He figured in the examination of sensational cases involving President John F. Kennedy, Martin Luther King Jr., O.J. Simpson and others.

Dr. Werner Spitz, a pathologist whose accounts of the traumatic last moments in some of the most sensational American deaths of the past 60 years figured in cases involving President John F. Kennedy, Martin Luther King Jr., O.J. Simpson, JonBenet Ramsey, Mary Jo Kopechne and many others, died on April 14 in St. Clair Shores, Mich., a suburb of Detroit. He was 97.

He died in hospice care after a brief illness, his son Dr. Daniel Spitz said.

Dr. Spitz’s career of more than 60 years traced to the early days of modern forensic pathology, and his textbook on the topic remains a gold standard in the field. Even after retiring as the chief medical examiner of Macomb County, Mich., in 2004, he continued to perform autopsies and consult with lawyers, saying he had no interest in spending his later years golfing or fishing. Examining the remains of homicide victims was the one thing that did not bore him, he said.
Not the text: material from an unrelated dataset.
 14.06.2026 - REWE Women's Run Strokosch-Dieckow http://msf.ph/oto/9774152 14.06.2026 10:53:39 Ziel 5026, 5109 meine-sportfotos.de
Dr. Spitz used evidence of a tiny skull fracture, the pattern of shirt fibers around a bullet hole or the sticky side of a piece of duct tape to draw conclusions about violent deaths that weighed heavily in the courtroom fate of murder defendants — or, in the cases of President Kennedy and Dr. King, on the judgment of history.

Dr. Spitz in 2007. He said he never offered an opinion merely for a price, but followed where the scientific evidence led.Fred Prouser/Reuters

“It’s like being a medical detective,” he told Time magazine in 2022. “The bullet doesn’t tell you anything. The skin tells you.”

Dr. Spitz was an expert witness for both prosecutors and defense lawyers, saying he never offered an opinion merely for a price but followed where the scientific evidence led. But he was also drawn to the limelight in some of the nation’s most sensational deaths.